Work to be completed:
Return only the stretch of the material below that begins with the line containing "una camera da" and ends with the line containing "A mid century upholstered footstool", exactly; both of those lines belong to it.

Information provided:
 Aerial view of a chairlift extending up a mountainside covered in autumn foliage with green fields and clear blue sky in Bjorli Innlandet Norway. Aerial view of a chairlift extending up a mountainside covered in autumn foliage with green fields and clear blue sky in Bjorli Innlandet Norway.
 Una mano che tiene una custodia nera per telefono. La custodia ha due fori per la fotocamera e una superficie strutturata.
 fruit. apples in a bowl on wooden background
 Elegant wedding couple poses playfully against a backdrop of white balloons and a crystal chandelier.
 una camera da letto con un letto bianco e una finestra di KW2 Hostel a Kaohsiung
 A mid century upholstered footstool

--

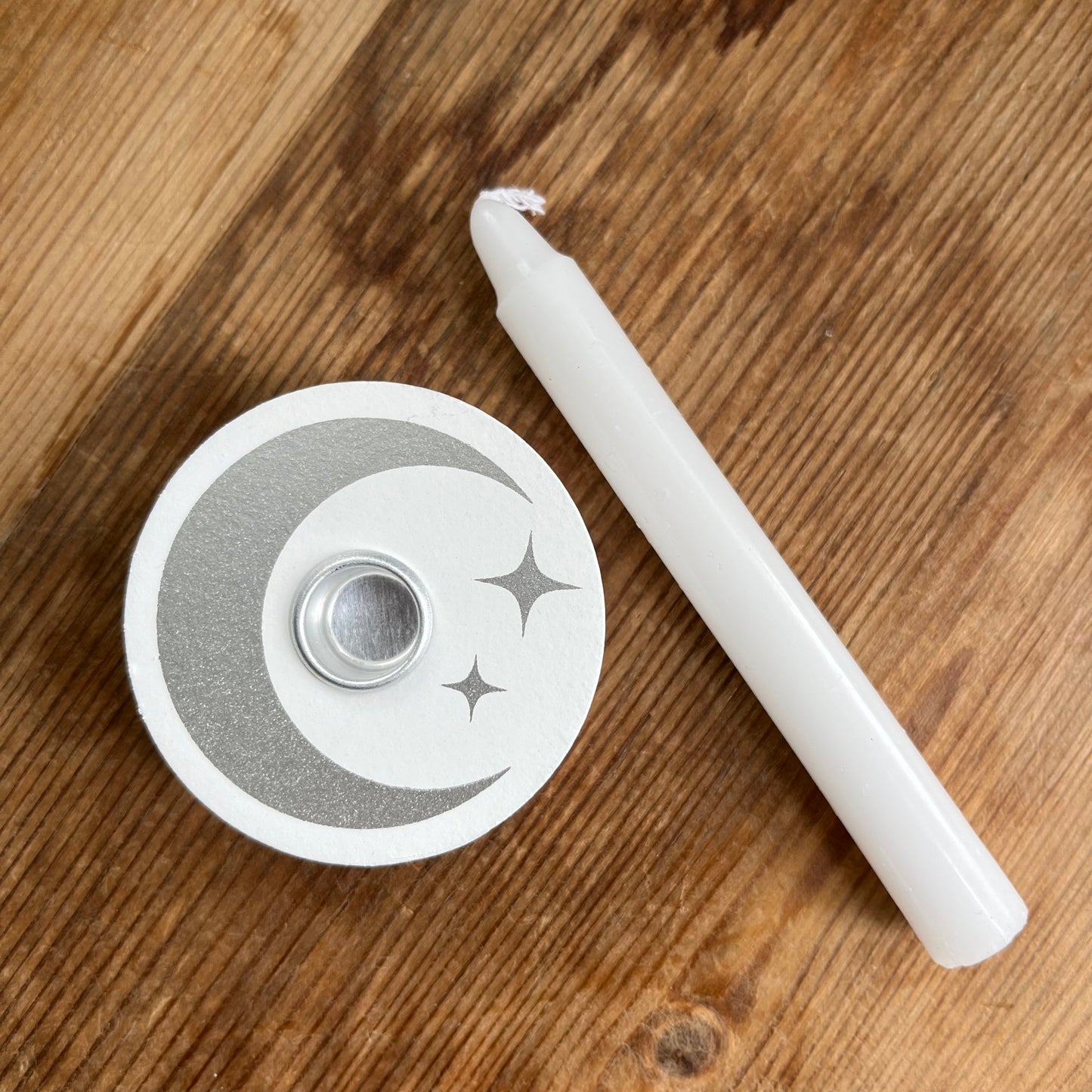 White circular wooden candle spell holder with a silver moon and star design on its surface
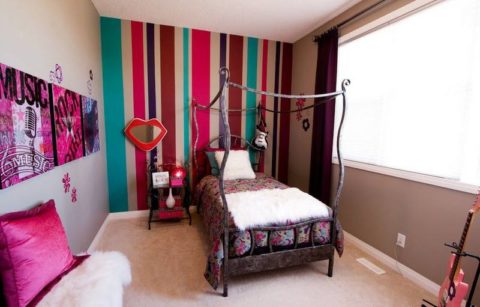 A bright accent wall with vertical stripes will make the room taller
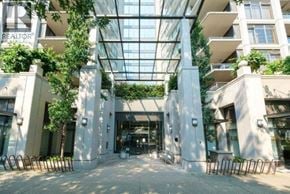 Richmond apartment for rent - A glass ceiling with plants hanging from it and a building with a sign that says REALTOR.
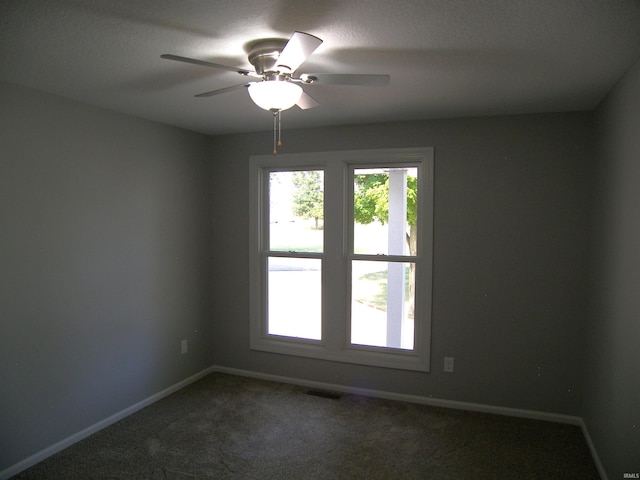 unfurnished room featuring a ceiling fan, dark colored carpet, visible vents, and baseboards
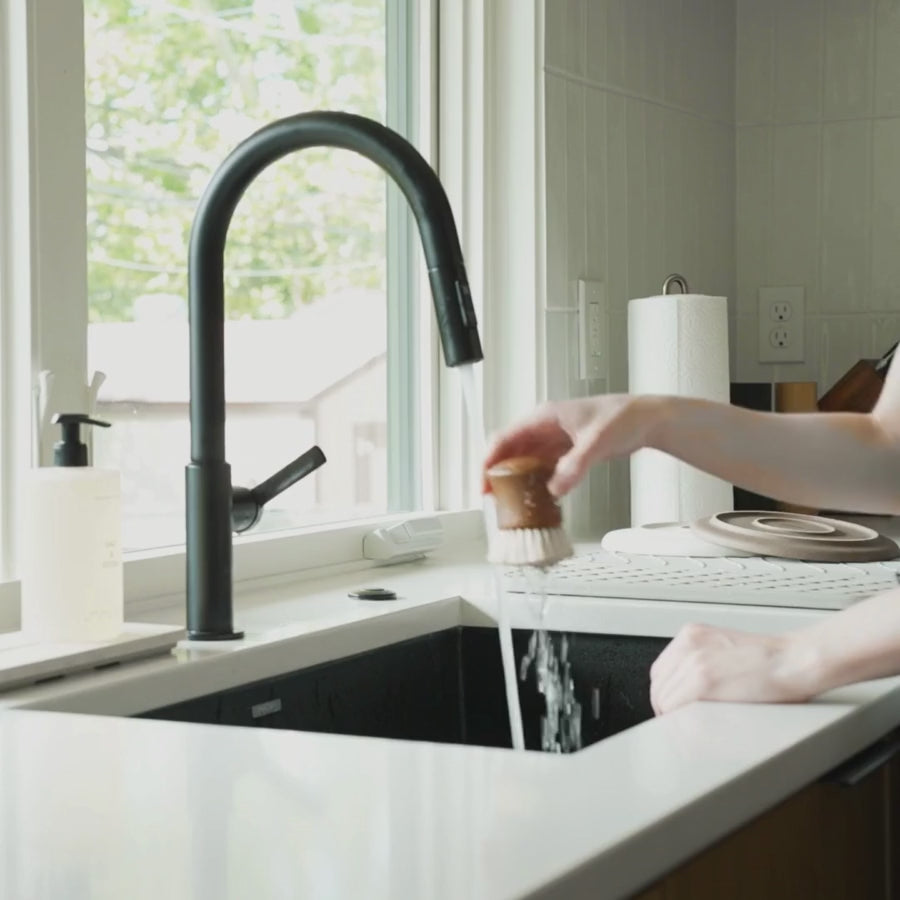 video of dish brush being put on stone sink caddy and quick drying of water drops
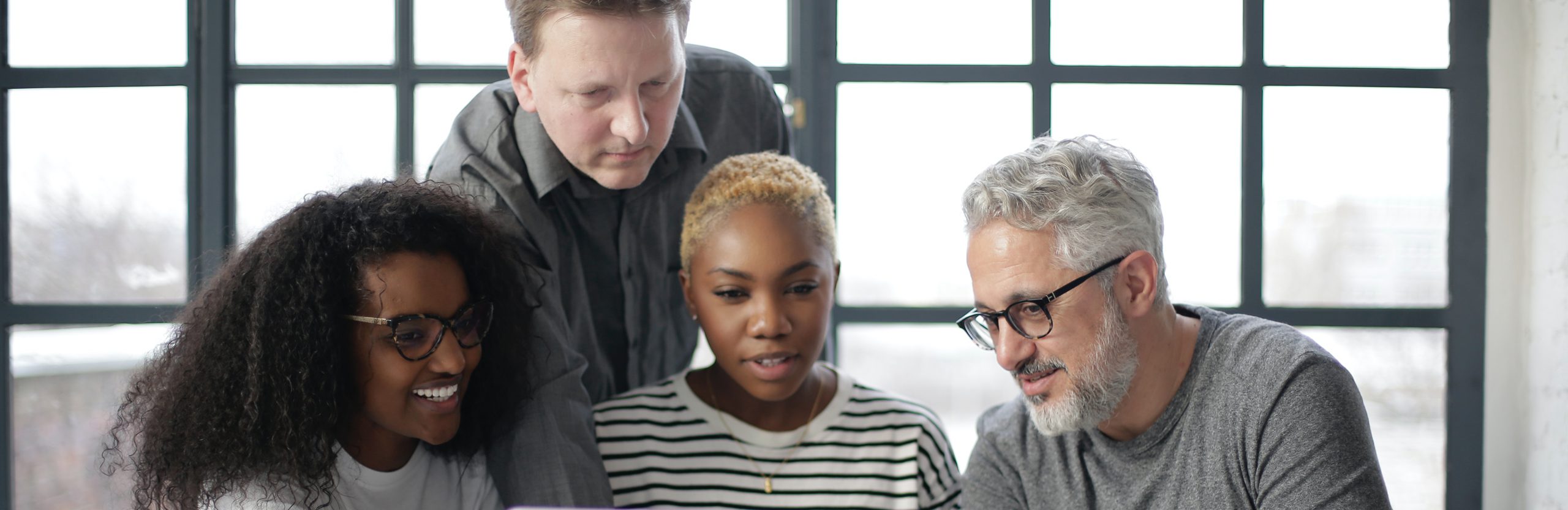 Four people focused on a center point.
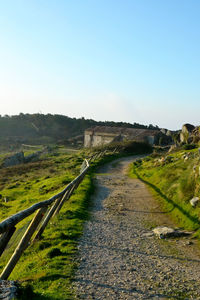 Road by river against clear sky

...

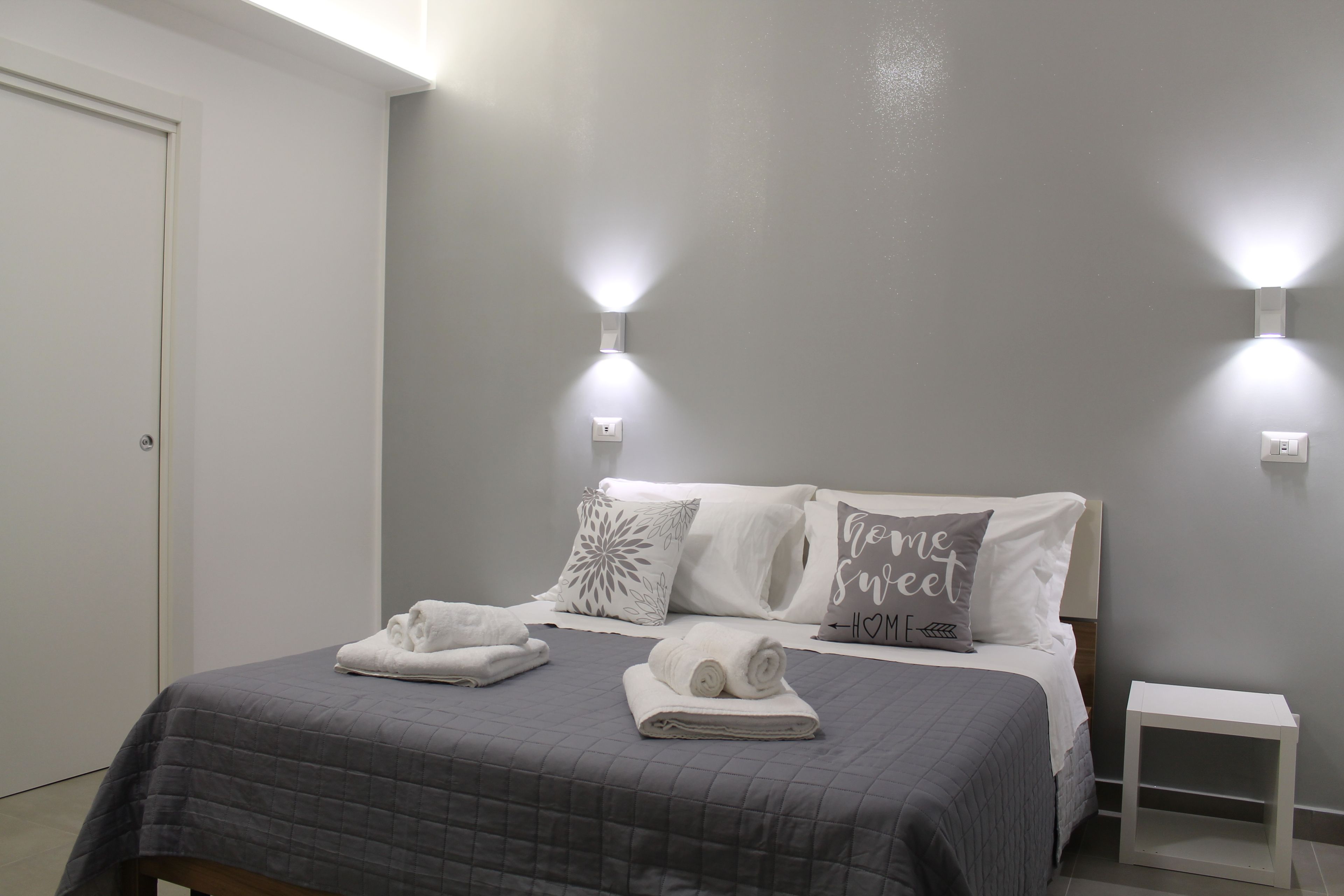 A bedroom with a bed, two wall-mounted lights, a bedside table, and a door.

Task solution:
 una camera da letto con un letto bianco e una finestra di KW2 Hostel a Kaohsiung
 A mid century upholstered footstool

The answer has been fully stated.